J’ai espionné ma femme et son amant grâce aux caméras
Marco. C’est comme ça que je m’appelle. Trente-huit ans, comptable dans une entreprise de logistique, corpulence normale et quelques kilos en trop qui ne m’ont jamais vraiment inquiété. J’ai les yeux clairs, tirant sur le vert, et ma femme m’a dit un jour que c’était la première chose qui l’avait attirée chez moi, quand nous nous sommes rencontrés au mariage d’un ami commun, il y a presque dix ans déjà.
Natalia a quarante-six ans, huit de plus que moi. Petite, les cheveux châtains qui lui tombent jusqu’aux épaules, d’une minceur qu’à son âge il faut mériter par un effort soutenu. Depuis trois ans, elle pratique le yoga quatre fois par semaine, et les résultats sautent aux yeux de n’importe qui la regarde : la posture, la ligne de ses bras, son cul rond et ferme qui se dessine sous n’importe quel pantalon, ses petits seins bien dressés qui défient encore la gravité. Quand nous entrons quelque part ensemble, les gens la remarquent d’abord, elle. Ça a toujours été comme ça, mais maintenant plus encore.
Depuis deux ans, nous vivions ce que j’appellerais, avec toute la maladresse du terme, un plateau conjugal. Rien de cassé, rien d’avoué, mais le sexe avait cessé d’être spontané pour devenir quelque chose qui arrivait avec la prévisibilité d’une formalité administrative. Une baise tous les dix ou quinze jours, toujours dans la même position, elle au-dessus de moi pendant cinq ou six minutes, mon éjaculation rapide et puis le sommeil. Elle disait que j’étais trop absent à cause de mes voyages professionnels. Je disais qu’elle exagérait. Nous avions tous les deux raison à moitié.
C’est dans ce contexte que le nom de Diego est réapparu.

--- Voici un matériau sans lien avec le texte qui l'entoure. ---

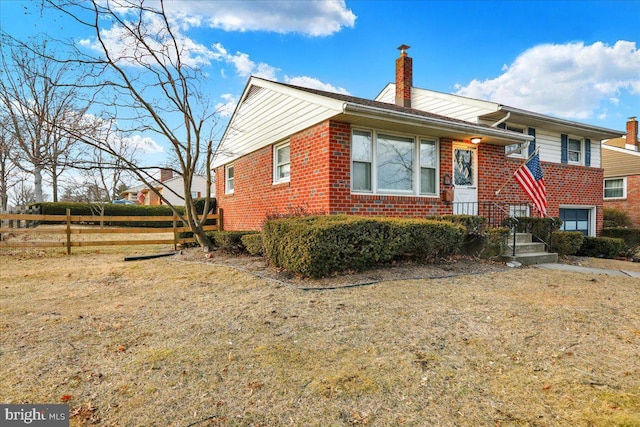 tri-level home featuring a front yard, brick siding, fence, and a chimney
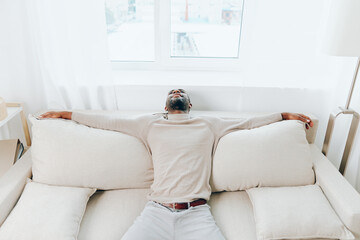 Relaxed African American Man Sitting on Sofa at Home, Smiling and Enjoying a Weekend of Rest and Comfort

Diego était l’ex de Natalia. Cinq ans ensemble avant qu’elle et moi nous rencontrions. J’avais toujours su qu’il existait : un nom mentionné dans une conversation des premiers mois, sans beaucoup de détails. Jusqu’à ce qu’un soir, après plusieurs verres de vin, Natalia me dise que Diego lui avait envoyé une demande sur Instagram. Elle m’a dit qu’elle ne l’avait pas acceptée, qu’elle l’avait laissé en lecture restreinte, que je ne devais pas m’inquiéter.
Je l’ai crue. Ou j’ai voulu la croire, ce qui n’est pas la même chose.
Diego était garde de sécurité dans une entreprise privée. Mate, barbe fournie, le genre d’homme qu’on dirait taillé pour jouer le rôle de celui qui ne se tient pas bien. Natalia m’avait dit un jour qu’il était possessif, contrôlant, qu’il lui donnait l’impression d’être enfermée. Elle n’avait jamais très bien expliqué, pourtant, pourquoi elle l’avait supporté aussi longtemps. Avec les mois, j’ai compris que c’était à cause de sa bite. Cinq ans, ça se supporte pour une bite qui te fend en deux, pas pour autre chose.
***
Un mardi soir, pendant notre sommeil, le téléphone de Natalia a vibré plusieurs fois sur la table de chevet. Elle ne s’est pas réveillée. J’étais dans cet état intermédiaire entre le sommeil et la veille où les bruits arrivent avant la pensée. Je me suis redressé dans le lit, j’ai pris le téléphone avec précaution. L’écran s’est allumé.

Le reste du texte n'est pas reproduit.